Amon Amarth Invades The Fillmore
Oct 20 2019

Amon Amarth Invades The Fillmore

By: Emily Hingle

Pure power; that's the only way to accurately and succinctly describe this piece of musical history. The Fillmore was filled to the brim with metalheads and non-metalhead viking metal enthusiasts enjoying the bands and enjoying the signature drink of the night: The Blue Khaos. At The Gates changed the atmosphere of the massive room from celebratory to melancholy with their brand of droning doom. Their long, hollow, sorrowful notes wafted slowly and painfully from the speakers which were shrouded with creepy black and white artwork. Despite the depressing tunes, the band was more than happy to interact with the crowd just after their set by throwing picks and drumsticks to a lucky few in the front row.

Arch Enemy's vocalist Alissa White-Gluz is a beast of epic proportions. Full stop. Arch Enemy took the stage at level 11. Guitars ripped old school riffs. Alissa's shocking blue hair thrashed and crashed like waves as she growled in a powerful manner, headbanged, and leapt from the drum riser over and over again. She brandished her bat wing sleeves as she crept along the stage like a werewolf stalking her prey or weilded the mic stand like a spear ready to be thrust through your heart. Arch Enemy is intense in so many ways, but at the end of they day, it's Just damn good metal.
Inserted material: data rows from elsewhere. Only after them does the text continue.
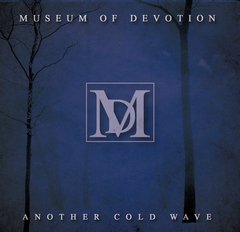 Museum Of Devotion - Another Cold Wave (MCD)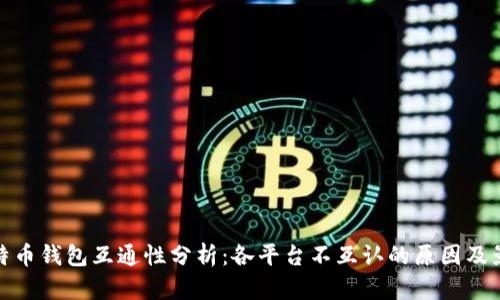 比特币钱包互通性分析：各平台不互认的原因及影响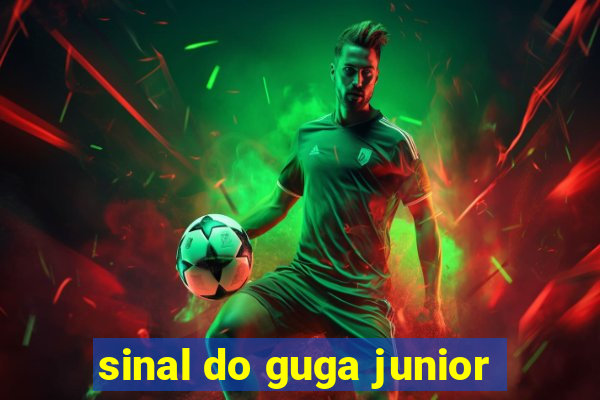 sinal do guga junior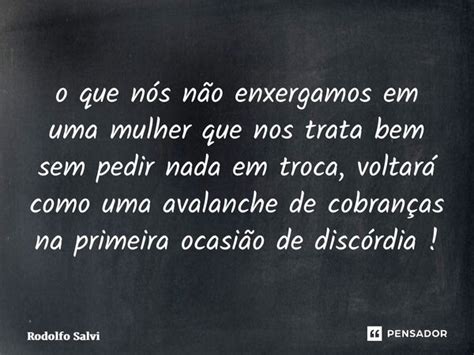 o que nós não enxergamos em uma Rodolfo Salvi Pensador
Amon Amarth took the stage to the tune of "Run to the Hills" by Iron Maiden, and perhaps we should have heeded this warning. The band dressed in matching black t-shirts surrounded a gargantuan glowing viking helmet complete with fifteen-foot tall horns on which sat the drum kit. The highly-recognizable vocalist Johan Hegg sported a beautifully-carved drinking horn on his hip which swang around him as he paced the stage, taking to the risers to scream over the tops of the heads of his most ravenous fans. He's an imposing man, but he explained how happy he was to be performing in this great city. The band powered through hits like "Runes to My Memory," "First Kill," and, of course, "Guardians of Asgaard." You could feel the floor bounce as the mosh pit started up. Johan would beckon everyone to jump up and down with him which shook the floor even more, the chandeliers above head vibrating from the force. Not only was Amon Amarth visually spectacular, they brought out some characters to join them like a behorned, shrouded creature with glowing green eyes and two warriors who battled each other with swords and shields.

It's no wonder that Amon Amarth has such a wide fan base. Their show is what dreams, or nightmares, are made of.